Re: [PATCH v3 3/3] spapr: Add Hcalls to support PAPR NVDIMM device

qemu-ppc
[Date Prev][Date Next][Thread Prev][Thread Next][Date Index][Thread Index]
Re: [PATCH v3 3/3] spapr: Add Hcalls to support PAPR NVDIMM device

From:	David Gibson
Subject:	Re: [PATCH v3 3/3] spapr: Add Hcalls to support PAPR NVDIMM device
Date:	Fri, 22 Nov 2019 16:11:21 +1100
User-agent:	Mutt/1.12.1 (2019-06-15)
On Mon, Oct 14, 2019 at 01:38:16PM -0500, Shivaprasad G Bhat wrote:
> This patch implements few of the necessary hcalls for the nvdimm support.
> 
> PAPR semantics is such that each NVDIMM device is comprising of multiple
> SCM(Storage Class Memory) blocks. The guest requests the hypervisor to
> bind each of the SCM blocks of the NVDIMM device using hcalls. There can
> be SCM block unbind requests in case of driver errors or unplug(not
> supported now) use cases. The NVDIMM label read/writes are done through
> hcalls.
> 
> Since each virtual NVDIMM device is divided into multiple SCM blocks,
> the bind, unbind, and queries using hcalls on those blocks can come
> independently. This doesn't fit well into the qemu device semantics,
> where the map/unmap are done at the (whole)device/object level granularity.
> The patch doesnt actually bind/unbind on hcalls but let it happen at the
> device_add/del phase itself instead.
> 
> The guest kernel makes bind/unbind requests for the virtual NVDIMM device
> at the region level granularity. Without interleaving, each virtual NVDIMM

It's not clear to me what a "region" means in this context.

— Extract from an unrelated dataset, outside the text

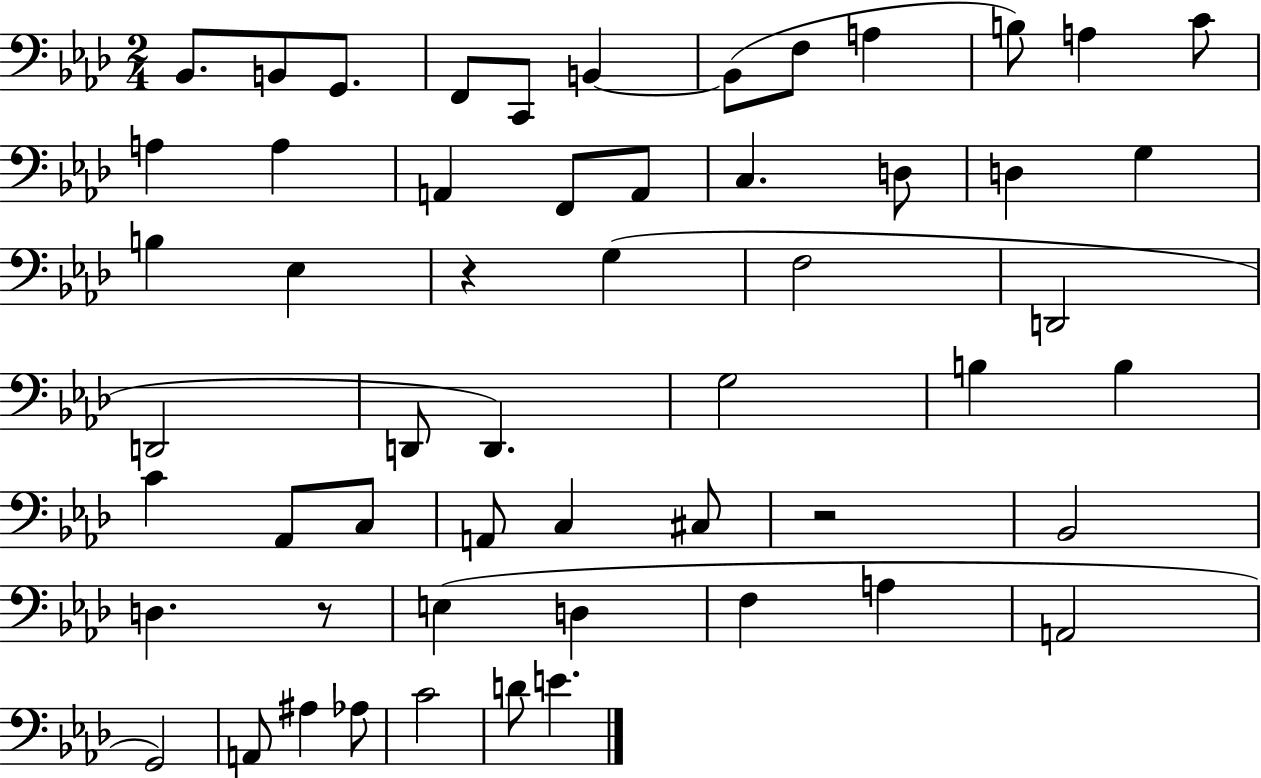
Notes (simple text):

Bb2/e. B2/e G2/e. F2/e C2/e B2/q B2/e F3/e A3/q B3/e A3/q C4/e A3/q A3/q A2/q F2/e A2/e C3/q. D3/e D3/q G3/q B3/q Eb3/q R/q G3/q F3/h D2/h D2/h D2/e D2/q. G3/h B3/q B3/q C4/q Ab2/e C3/e A2/e C3/q C#3/e R/h Bb2/h D3/q. R/e E3/q D3/q F3/q A3/q A2/h G2/h A2/e A#3/q Ab3/e C4/h D4/e E4/q.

> device is presented as separate region. There is no way to configure the
> virtual NVDIMM interleaving for the guests today. So, there is no way a
> partial bind/unbind request can come for the vNVDIMM in a hcall for a
> subset of SCM blocks of a virtual NVDIMM. Hence it is safe to do
> bind/unbind everything during the device_add/del.
> 
> Signed-off-by: Shivaprasad G Bhat <address@hidden>
> ---
> ---
>  hw/ppc/spapr_hcall.c   |  300 
> ++++++++++++++++++++++++++++++++++++++++++++++++
>  include/hw/ppc/spapr.h |    8 +
>  2 files changed, 307 insertions(+), 1 deletion(-)
> 
> diff --git a/hw/ppc/spapr_hcall.c b/hw/ppc/spapr_hcall.c
> index 23e4bdb829..4e9ad96f7c 100644
> --- a/hw/ppc/spapr_hcall.c
> +++ b/hw/ppc/spapr_hcall.c

This is large enough and sufficiently non-core that I'd suggest
putting it in its own file.

> @@ -18,6 +18,10 @@
>  #include "hw/ppc/spapr_ovec.h"
>  #include "mmu-book3s-v3.h"
>  #include "hw/mem/memory-device.h"
> +#include "hw/ppc/spapr_drc.h"
> +#include "hw/mem/nvdimm.h"
> +#include "qemu/range.h"
> +#include "qemu/nvdimm-utils.h"
>  
>  static bool has_spr(PowerPCCPU *cpu, int spr)
>  {
> @@ -1961,6 +1965,295 @@ static target_ulong h_update_dt(PowerPCCPU *cpu, 
> SpaprMachineState *spapr,
>      return H_SUCCESS;
>  }
>  
> +static target_ulong h_scm_read_metadata(PowerPCCPU *cpu,
> +                                        SpaprMachineState *spapr,
> +                                        target_ulong opcode,
> +                                        target_ulong *args)
> +{
> +    uint32_t drc_index = args[0];
> +    uint64_t offset = args[1];
> +    uint64_t numBytesToRead = args[2];
> +    SpaprDrc *drc = spapr_drc_by_index(drc_index);
> +    NVDIMMDevice *nvdimm;
> +    NVDIMMClass *ddc;
> +    __be64 data_be = 0;
> +    uint64_t data = 0;
> +
> +    if (drc && spapr_drc_type(drc) != SPAPR_DR_CONNECTOR_TYPE_PMEM) {

I'm pretty sure you want if (!drc || ... ) here.  Otherwise if the
given index is totally bogus you'll crash a few lines down.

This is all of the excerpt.